P.S. There’s more research being done into the high prevalence of autoimmune diseases in the adoption community and adoption poverty. I wish you’d do articles on this.
Sandra Georgeson August 5, 2025 at 6:53 pm #
As an adoption support agency I am not surprised by this drop in adopters given the uncertainty around the support adopters will receive in the future and the current reduction in the fair access limit. I also hear from families that they have different support from different local authorities, with some being really proactive in offering adopters pathways to support and others being less helpful. In my experience the best packages of support transition the child from foster care to adoption. This allows for the opportunity to assess the child’s therapeutic and attachment needs to put the correct therapy in place prior to adoption. It also allows the adopters to receive informed support from the start instead of waiting for crisis. I’m very lucky with our local authority Barnsley, as they support these transition packages and have seen the benefits for children and their adoptive parents. If more packages were in place from the start it may help attract adopters. The current climate is sadly creating a very unstable environment for adoption, which in turn leaves our most vulnerable children without permanency or a sense of safety.
M Etchels August 9, 2025 at 12:24 pm #
I totally concur with all of the above comments. As adoptive parents we have long felt that more support (not less!) is needed for families such as ours, and that was before, out of the blue, the Government decided in its wisdom to make cuts to the ASGSF, so now we have less support than before. Our children are amazing, but they have suffered trauma and have a number of diagnoses. My husband now has a number of long term health issues directly attributable to stress we have been under for many years. If anyone asks us about adoption, we now warn them of the challenges we’ve faced and the continual fight for support. Prospective adopters need to go into adoption with their eyes wide open, and also to understand there is a chance that one of them may need to give up their job permanently due to their child’s needs. When we heard of the cuts to the ASGSF, along with the shock of realising our son’s therapy would directly be affected (along with a reduction in regular sessions, to date he has not had any therapy since March 2025 due to the Government’s delay in confirming any funding, and now due to the backlog in applications), our next thought was the impact this would have on recruiting future adopters.
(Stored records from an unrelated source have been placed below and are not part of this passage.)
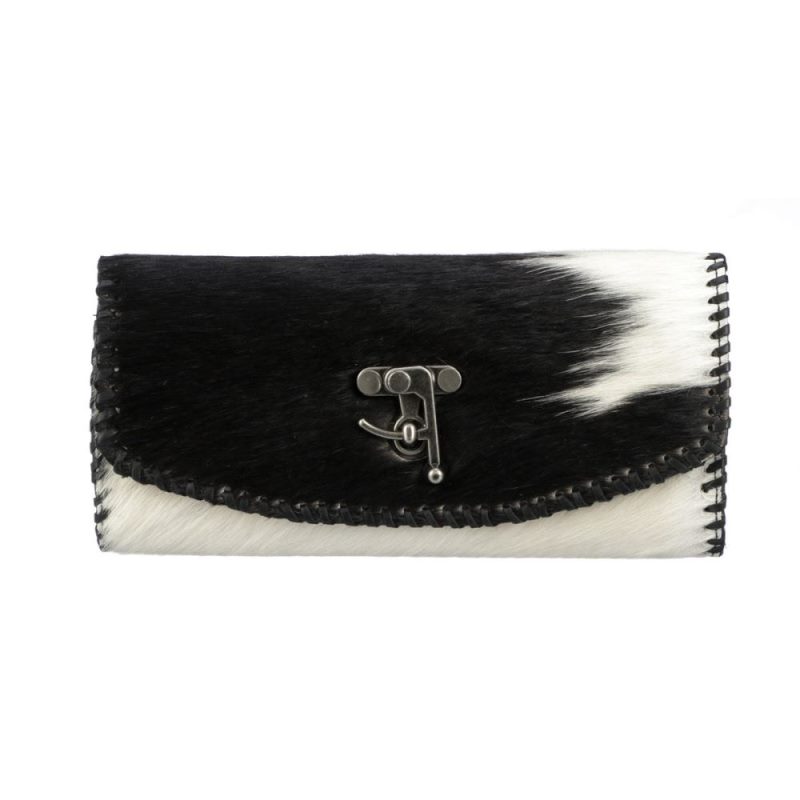 Lucchese | Women's Mini Cowprint Clutch - Black/White - Click Image to Close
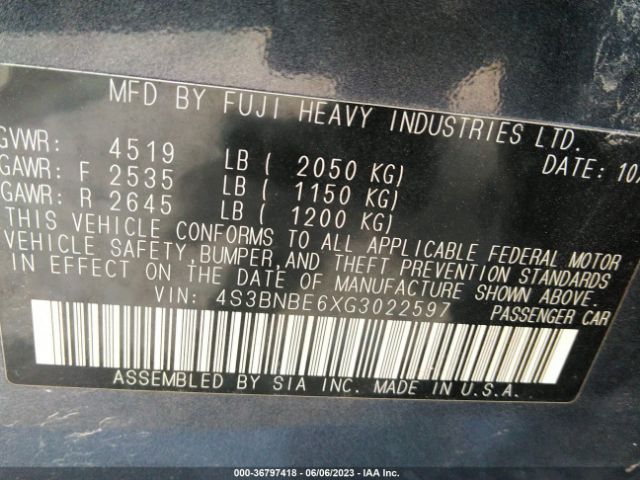 4S3BNBE6XG3022597 Subaru Legacy 2.5i Premium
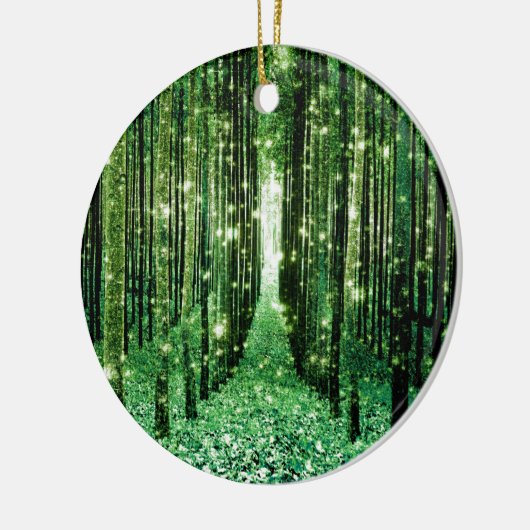 Magisch bos groen mysterie keramisch ornament (Links)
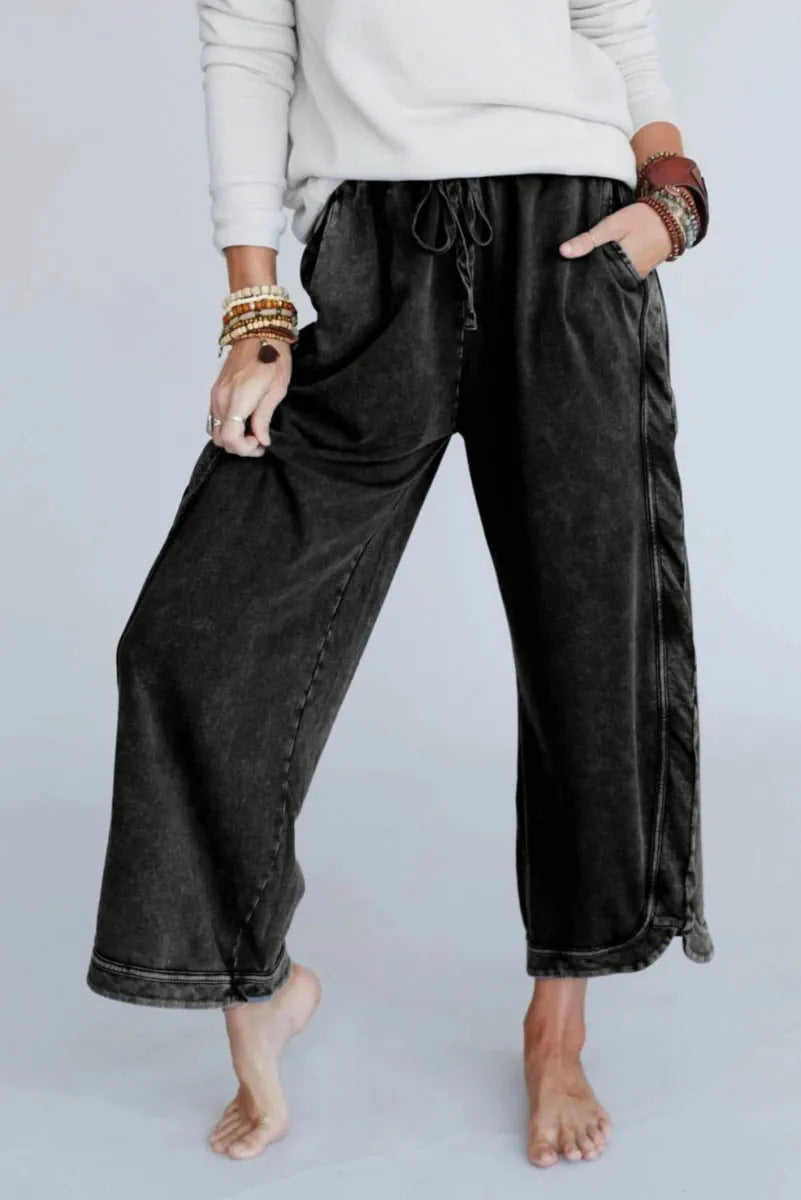 2025 Vintage Washed Casual Drawstring Pants | Women’s Retro Relaxed Fit Trousers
James Mutton August 9, 2025 at 3:59 pm #
“..We are also doing a lot of work to improve the adopter journey, right from a prospective adopter’s very first contact with an agency, all the way through to a child moving in with adopters.”
…and then, the strong implication being, you’re on your own forever.
They’d rather talk about anything other than genuine adoption support.
I’m not conflicted about this at all.
Falling adoption numbers are the only thing that will bring about change.
JK August 11, 2025 at 12:51 pm #
Feels like drawbridges are being pulled up for families in England…adoption is much more of an ‘ask’ now, sadly since the 10 years ago when we adopted. Research has taught us so much about the range of issues and support these children come with, and need. We also know more about how to meet those needs for them to flourish, which is great, but we need to push for better structural, societal support for families with needs full stop. To prevent some of the things that stop children needing to be removed, to support them in permanency if they need alternative care, community family support, the SEND/education system, as well as it not being the case that making rent/mortgage payments doesn’t take 2 FT salaries. To find better, more equitable ways to access therapy and to understand that some children placed for adoption will need more and others less – not an annual cap situation, but an understanding that investment in some years/developmental phases reaps more rewards down the line.